Directions: Please repeat, exactly and without pictures, the lines of the entries below that run from the one containing "APD APETDOLA Wireless" through the one containing "Ultra-Thin Round Led".

Supplied data:
□ □ □

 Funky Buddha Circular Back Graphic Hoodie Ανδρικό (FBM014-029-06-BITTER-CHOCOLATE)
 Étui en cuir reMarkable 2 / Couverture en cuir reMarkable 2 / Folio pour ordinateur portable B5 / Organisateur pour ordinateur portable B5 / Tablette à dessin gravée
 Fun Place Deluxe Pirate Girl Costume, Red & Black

□ □ □

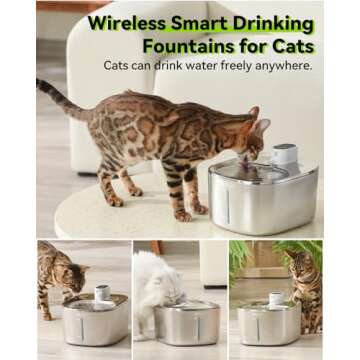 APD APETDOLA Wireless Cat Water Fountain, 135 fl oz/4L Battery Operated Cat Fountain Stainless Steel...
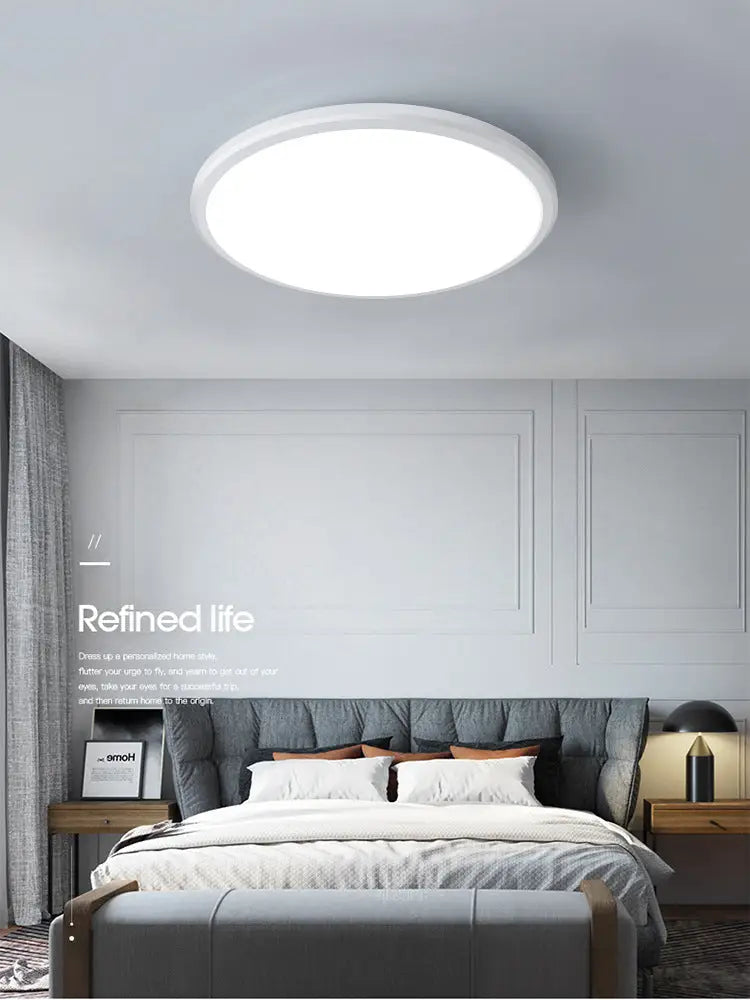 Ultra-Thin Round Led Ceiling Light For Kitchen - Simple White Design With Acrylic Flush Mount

□ □ □

Task answer:
 APD APETDOLA Wireless Cat Water Fountain, 135 fl oz/4L Battery Operated Cat Fountain Stainless Steel...
 Ultra-Thin Round Led Ceiling Light For Kitchen - Simple White Design With Acrylic Flush Mount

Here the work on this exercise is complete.